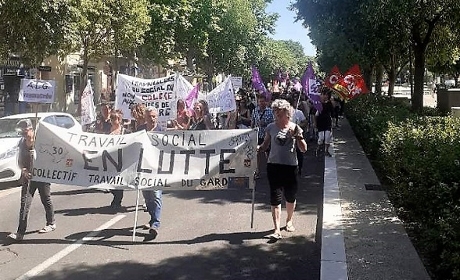 "Avec le collectif, on touche des personnes qui ne seraient jamais venues dans un syndicat"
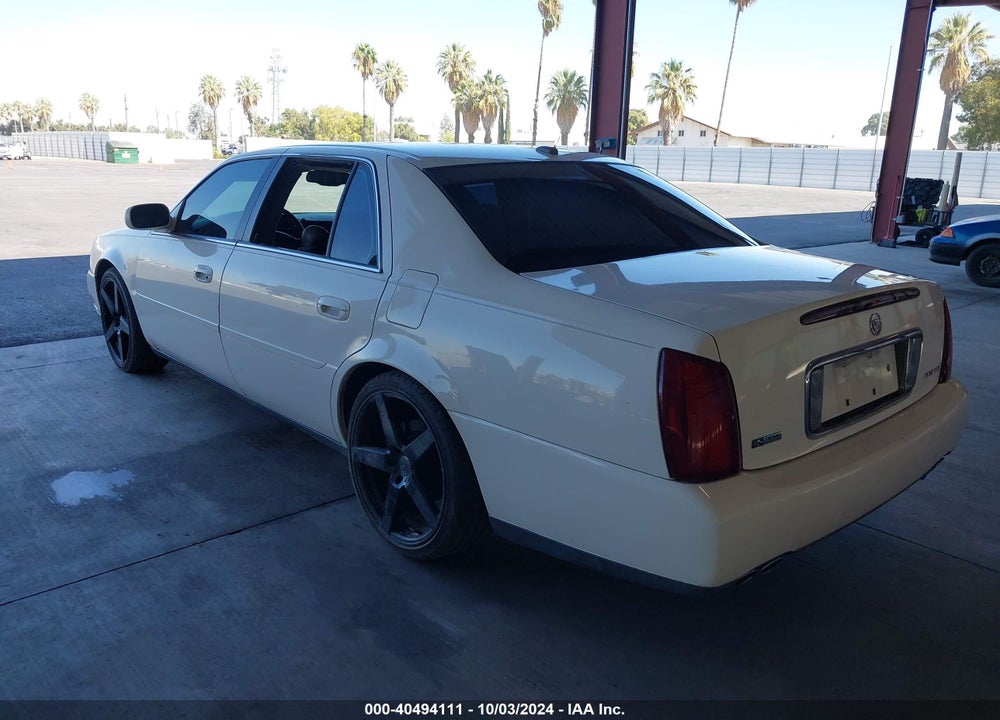 2005 CADILLAC DEVILLE LIVERY VIN: 1G6KD54Y35U118783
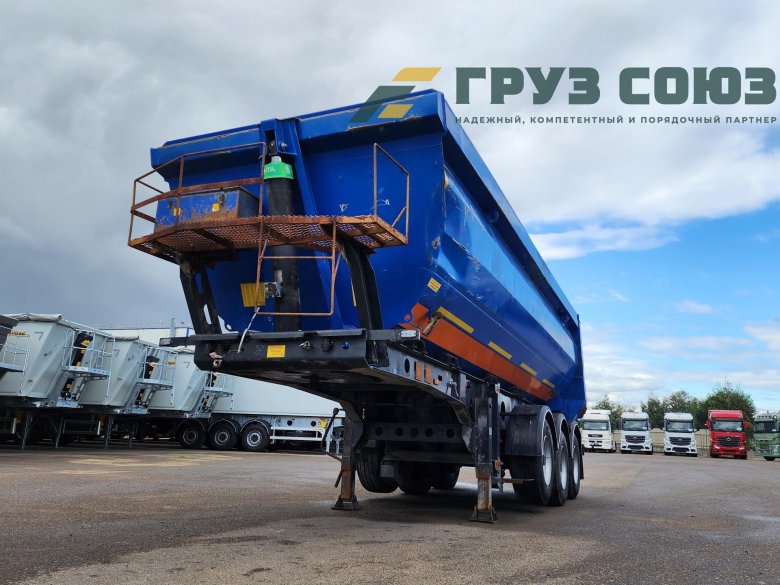 Самосвальный полуприцеп тонар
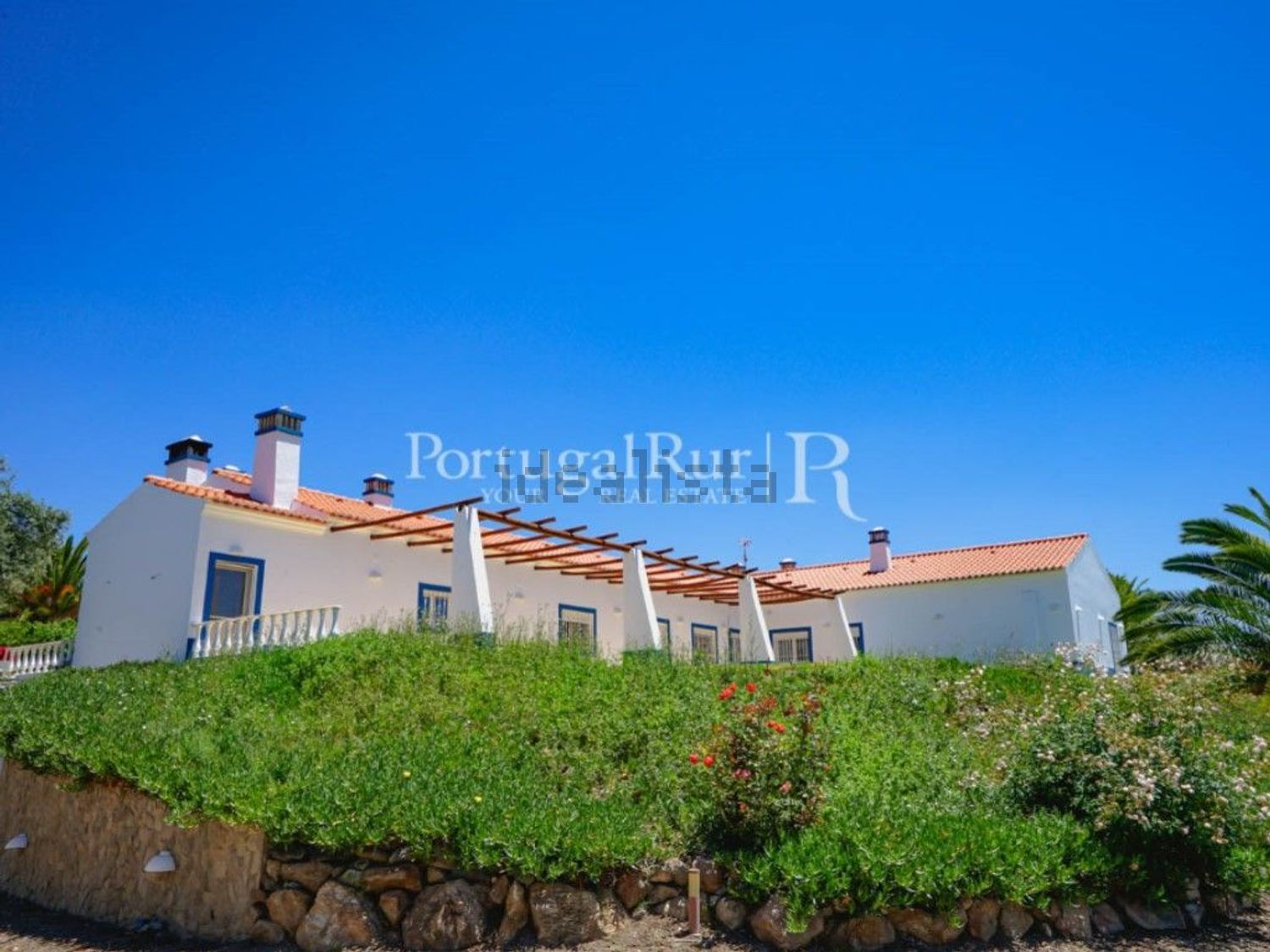 农庄出售在Ferreira do Alentejo - 外立面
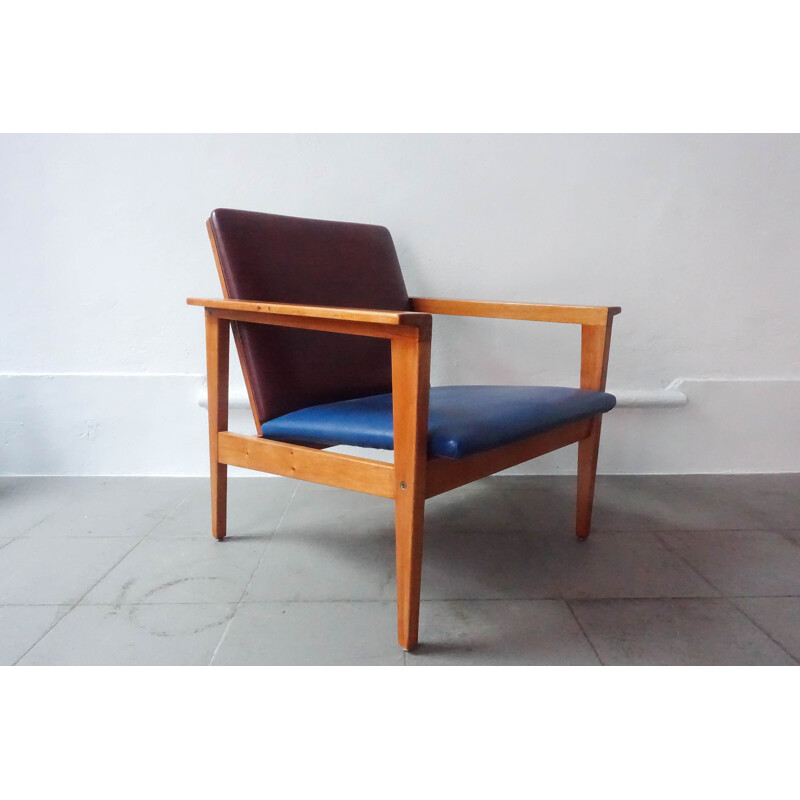 Vintage José Espinho Armchair Prefa for Móveis Olaio 1962s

::::

• _YOUR GOAL_:
Exclude the pictures, then retype every record exactly.

• _WRITTEN SOLUTION_:
 "Avec le collectif, on touche des personnes qui ne seraient jamais venues dans un syndicat"
 2005 CADILLAC DEVILLE LIVERY VIN: 1G6KD54Y35U118783
 Самосвальный полуприцеп тонар
 农庄出售在Ferreira do Alentejo - 外立面
 Vintage José Espinho Armchair Prefa for Móveis Olaio 1962s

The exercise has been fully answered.